MacConkey Sorbitol Agar is based on the formulation described by Rappaport and Henigh (1). This medium is recommended for isolation of enteropathogenic Escherichia coli O157: H7, which ferments lactose but does not ferment sorbitol, hence produces colourless colonies. This organism has been recognized as a cause of hemorrhagic colitis (2). E.coli O157: H7 is a human pathogen associated with hemorrhagic colitis that results from the action of a shiga-like toxin (SLT) (5, 6).
MacConkey Sorbitol Agar however should not be solely used to detect pathogenic E.coli O157: H7 strains as some nontoxic strains will also not ferment sorbitol (4).

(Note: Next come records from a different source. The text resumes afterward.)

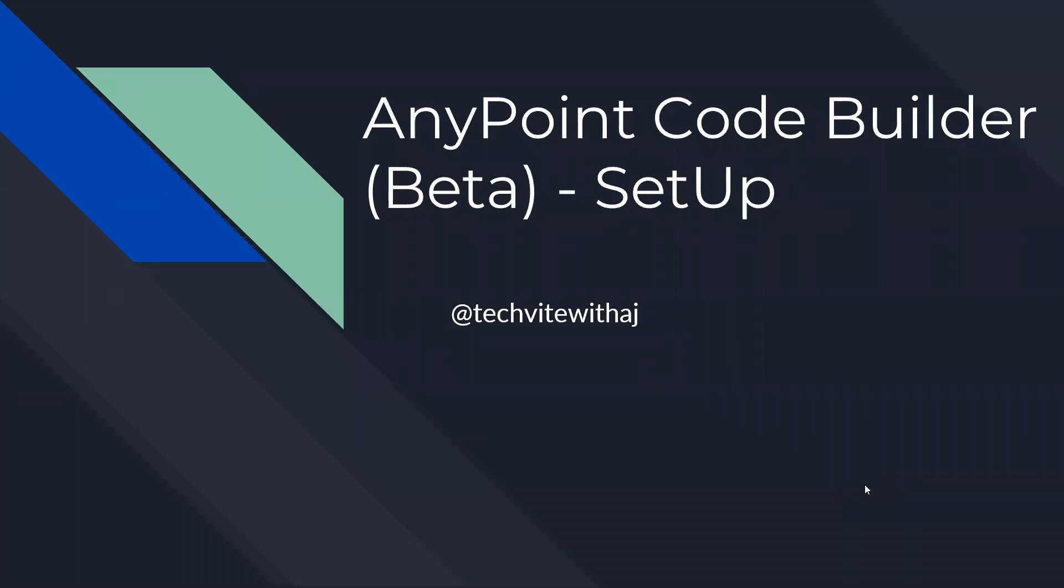Hello friends, welcome to my channel, myself Ananda. Today we will explore how to set up AnyPoint Code Builder. The AnyPoint Code Builder beta version was just published today, and we'll see how to set it up. That is the scope of this specific video, so let's start.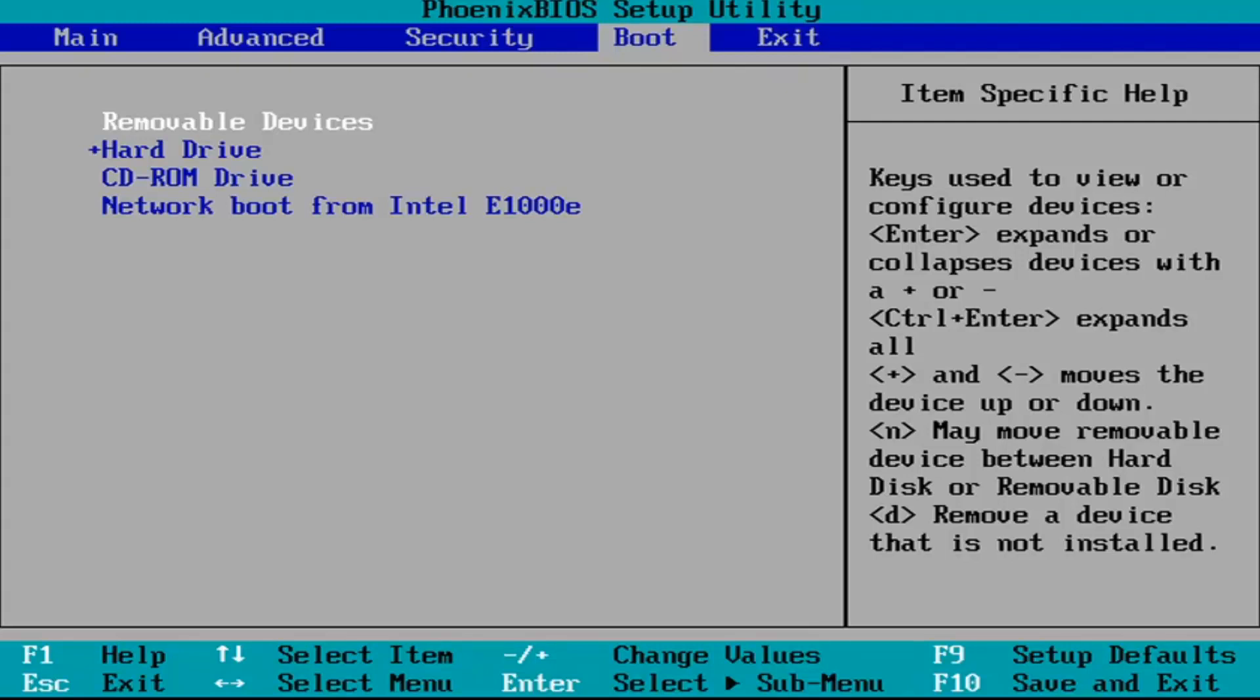Just do the exact opposite. So if it's set to enable then you disable it. You can try re-enabling it. It's not a big deal. Pretty straightforward process.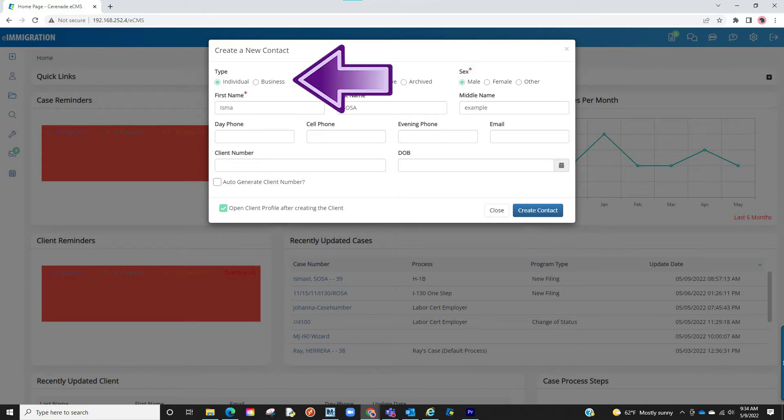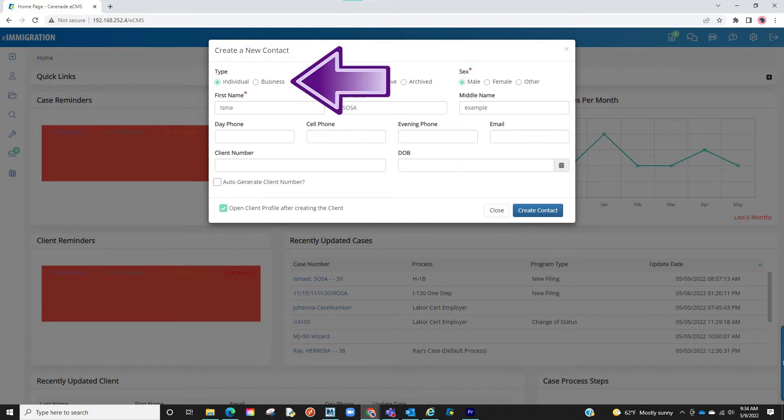If it is an individual select individual. If it is an employer profile you wish to create select business.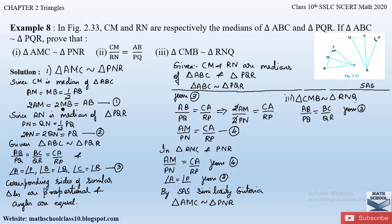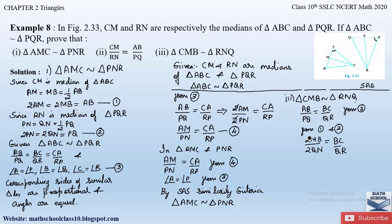From equations 1 and 2, AB = 2·MB and PQ = 2·QN. Substituting: 2·MB / 2·QN = BC/QR. The 2s cancel, giving MB/QN = BC/QR. Let this be equation number 7.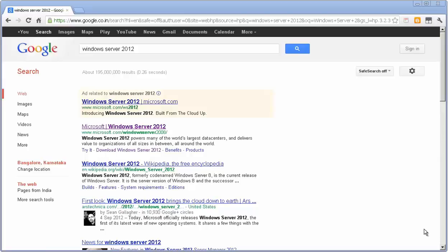Hello YouTube, this is Kiran. Today I'm going to show you how you can download and install the new Windows Server 2012, which is available.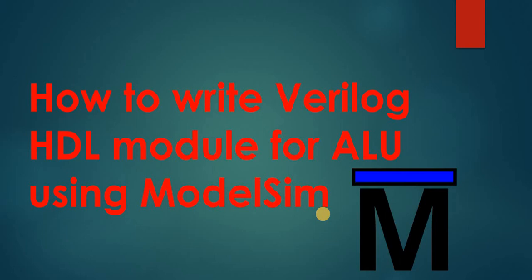Welcome to ECT ElayBottery. In this video, I am going to show you how to write Verilog HDL module for ALU using ModelSim.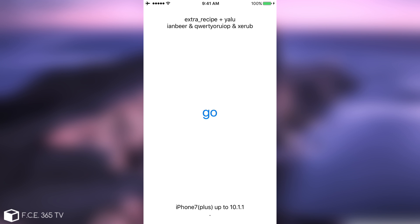You can see it's extra recipe plus yellow, it still says iPhone 7 plus up to 10.1, but it is supporting the devices listed on GitHub. Now if I press go, I'm going to get the unsupported error. You can see it says unsupported yet, but that's as I say due to the fact that I'm running 10.1 and not 10.2.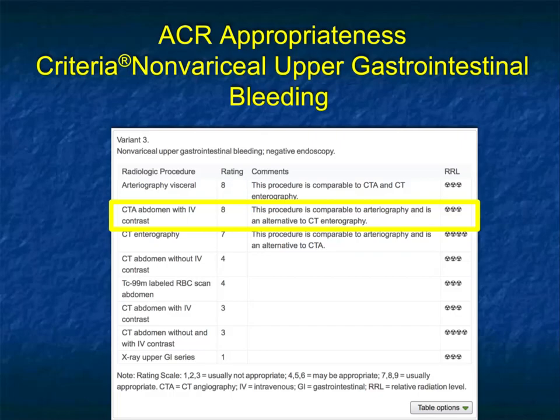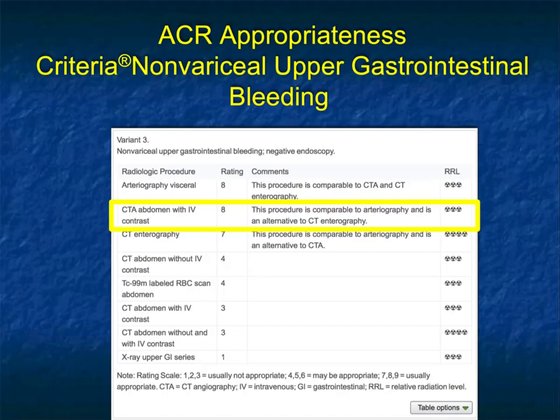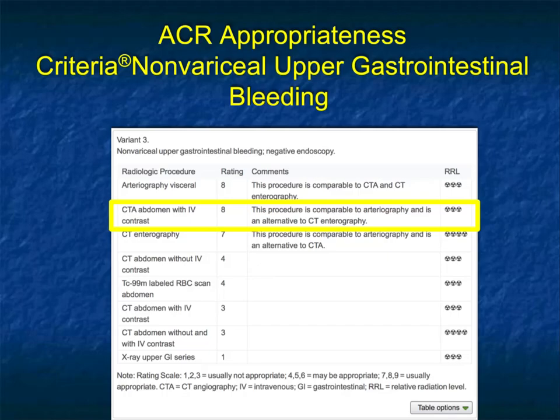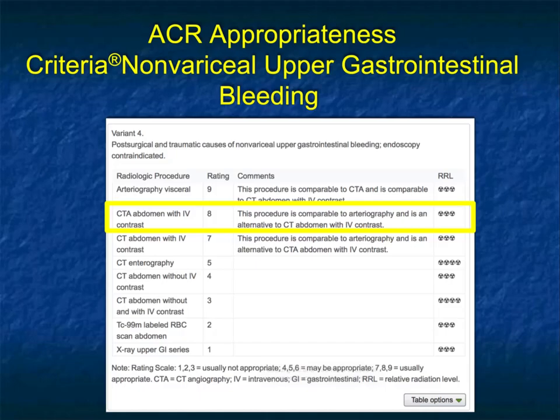In another variant — non-variceal upper GI bleeding with negative endoscopy — both angiography and CT are rated eight. For CTA, the procedure is comparable to classic angiography and is an alternative to CT enterography. CT enterography is a good study, but if doing it with water contrast I would still use a dual-phase approach and essentially perform it with a CT angio protocol. CTA and CT enterography often merge together when looking at occult sources of bleeding.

On standard MacConkey Agar containing lactose, this strain is indistinguishable from other lactose-fermenting E.coli . In MacConkey Sorbitol Agar Base, lactose is replaced by sorbitol. Unlike most E.coli strains, E.coli O157:H7 ferments sorbitol slowly or not at all (3,8). The growth of E.coli O157:H7 on MacConkey Agar with Sorbitol shows colourless colonies and most of the fecal flora ferment sorbitol and appear pink. MacConkey Agar with Sorbitol therefore permits ready recognition of E.coli O157:H7 (5,6,7).
Peptic digest of animal tissue and proteose peptone supply necessary nutrients like nitrogenous and carbonaceous compounds, minerals, vitamins and trace ingredients for the growth of organisms. Crystal violet and bile salt mixture present in the medium inhibit growth of gram-positive bacteria. Sodium chloride maintains osmotic equilibrium. Neutral red is an indicator. D-Sorbitol is the fermentable carbohydrate.
Directions:
Suspend 50.03 grams in 1000 ml distilled water. Heat to boiling to dissolve the medium completely. Sterilize by autoclaving at 15 lbs pressure (121°C) for 15 minutes. AVOID OVERHEATING. Cool to 45-50°C and pour into sterile Petri plates.